━━ ENTRIES SUPPLIED ━━

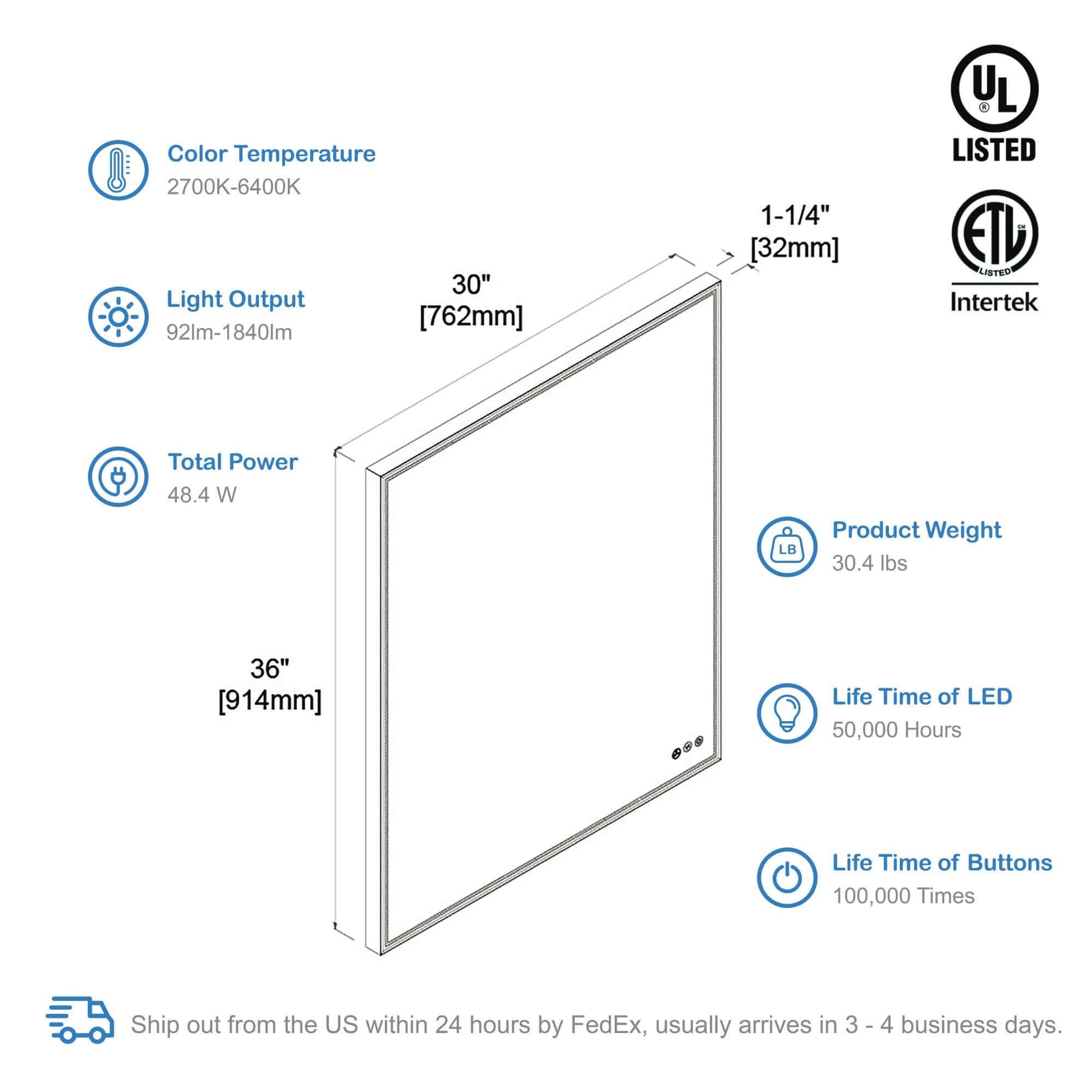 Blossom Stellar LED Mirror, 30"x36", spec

━━━
━━ ENTRIES SUPPLIED ━━

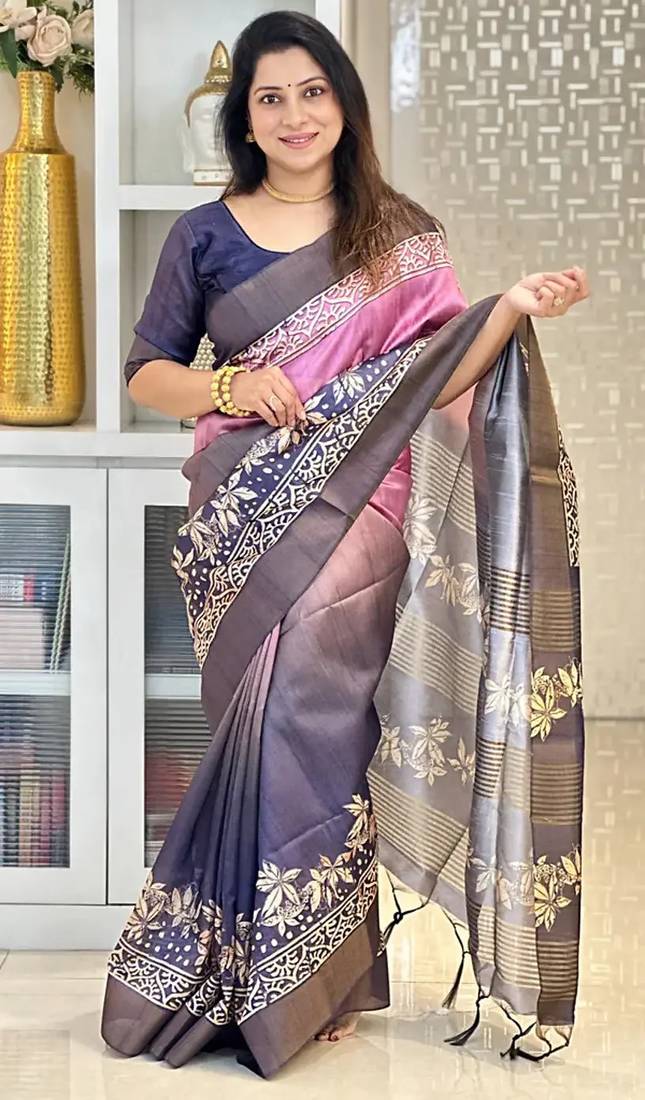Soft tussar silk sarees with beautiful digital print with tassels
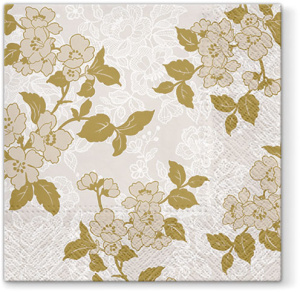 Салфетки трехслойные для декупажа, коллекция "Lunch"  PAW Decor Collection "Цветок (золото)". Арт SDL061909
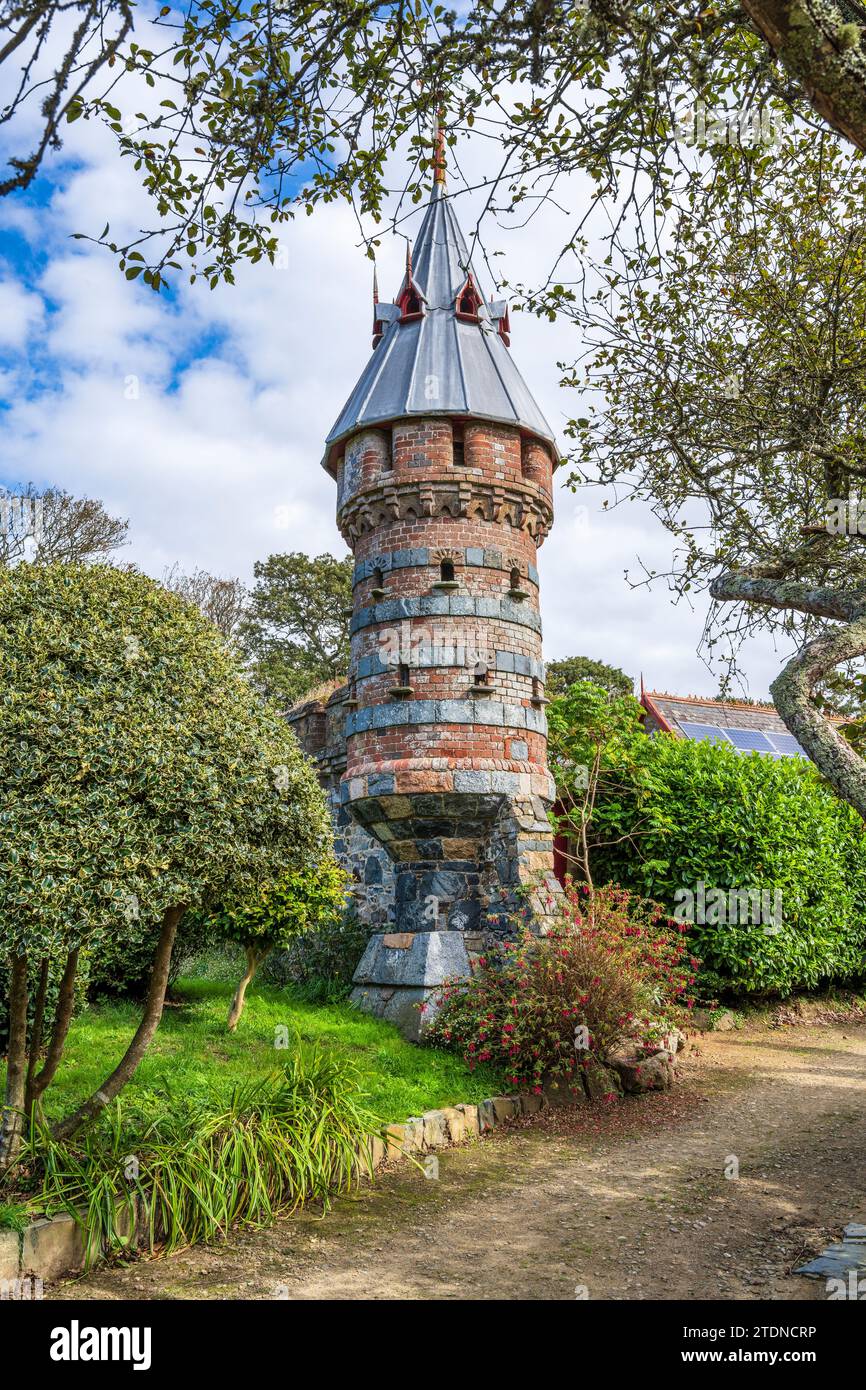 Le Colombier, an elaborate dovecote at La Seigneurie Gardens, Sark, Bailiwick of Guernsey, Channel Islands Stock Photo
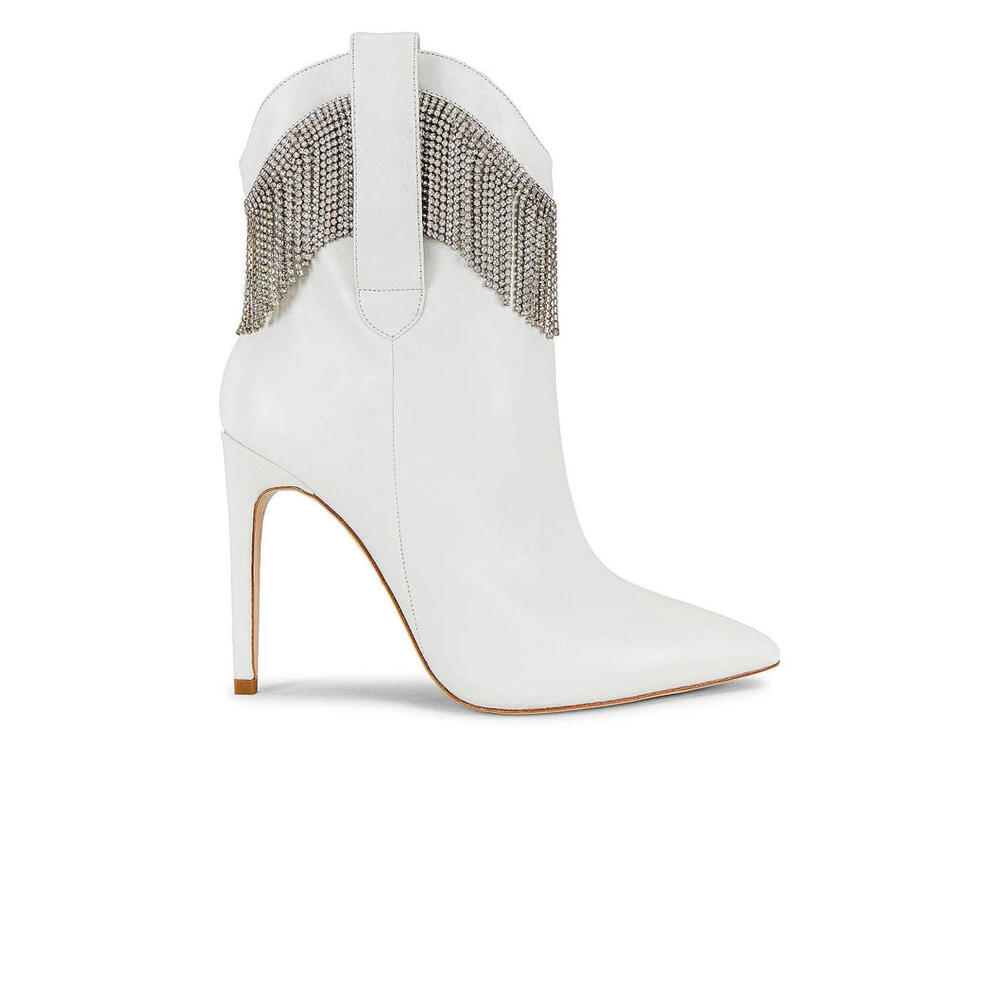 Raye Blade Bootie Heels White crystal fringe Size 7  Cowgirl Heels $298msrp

━━━
━━ ENTRIES SUPPLIED ━━

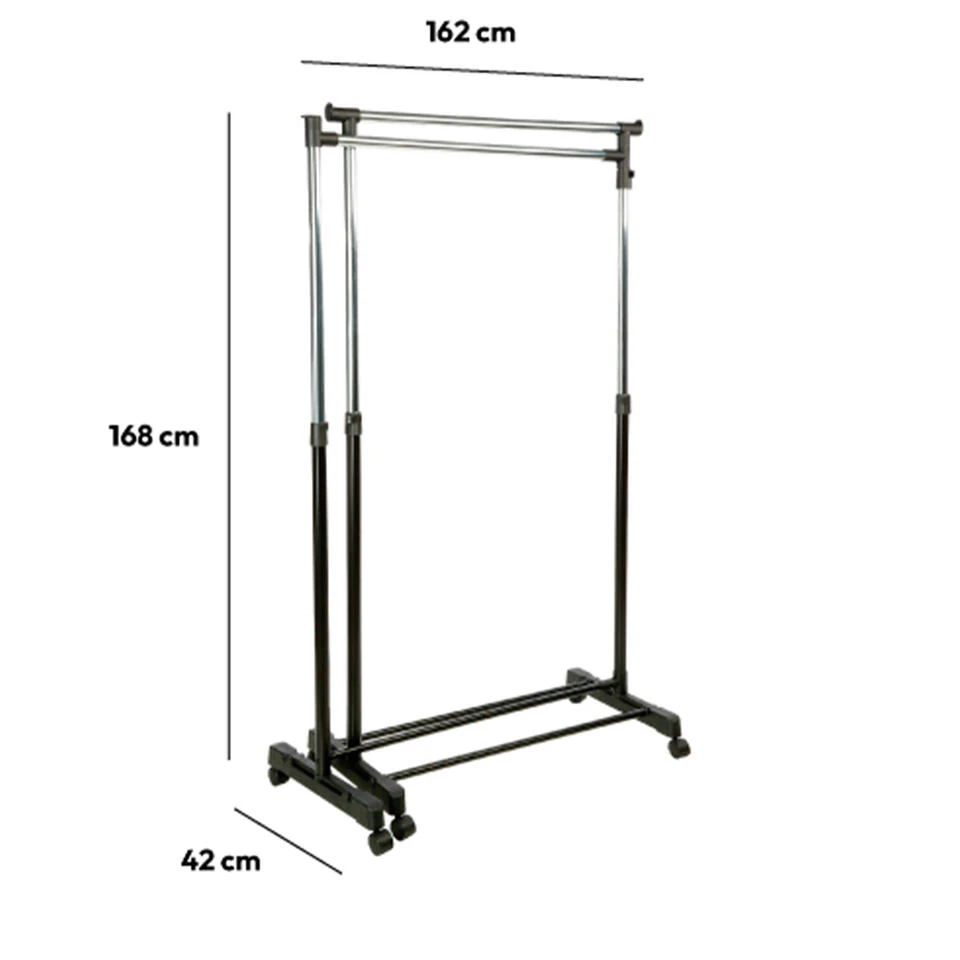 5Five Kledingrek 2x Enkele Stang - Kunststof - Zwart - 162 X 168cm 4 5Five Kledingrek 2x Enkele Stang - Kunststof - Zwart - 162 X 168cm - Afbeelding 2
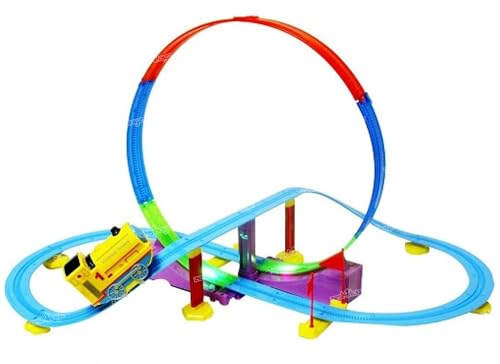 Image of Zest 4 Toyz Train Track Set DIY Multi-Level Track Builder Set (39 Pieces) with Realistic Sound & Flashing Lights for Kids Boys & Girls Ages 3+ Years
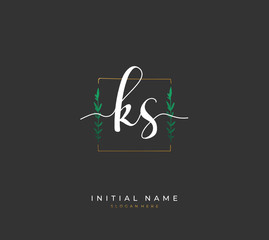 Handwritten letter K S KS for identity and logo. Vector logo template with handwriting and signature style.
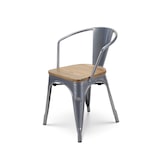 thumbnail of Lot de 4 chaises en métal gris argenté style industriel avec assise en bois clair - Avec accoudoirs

━━━

■ TASK DETAILS:
With the pictures omitted, copy exactly the lines of the listing above starting at the line containing "Soft tussar silk" and ending at the line containing "Raye Blade Bootie", both included.

■ RESULT:
Soft tussar silk sarees with beautiful digital print with tassels
 Салфетки трехслойные для декупажа, коллекция "Lunch"  PAW Decor Collection "Цветок (золото)". Арт SDL061909
 Le Colombier, an elaborate dovecote at La Seigneurie Gardens, Sark, Bailiwick of Guernsey, Channel Islands Stock Photo
 Raye Blade Bootie Heels White crystal fringe Size 7  Cowgirl Heels $298msrp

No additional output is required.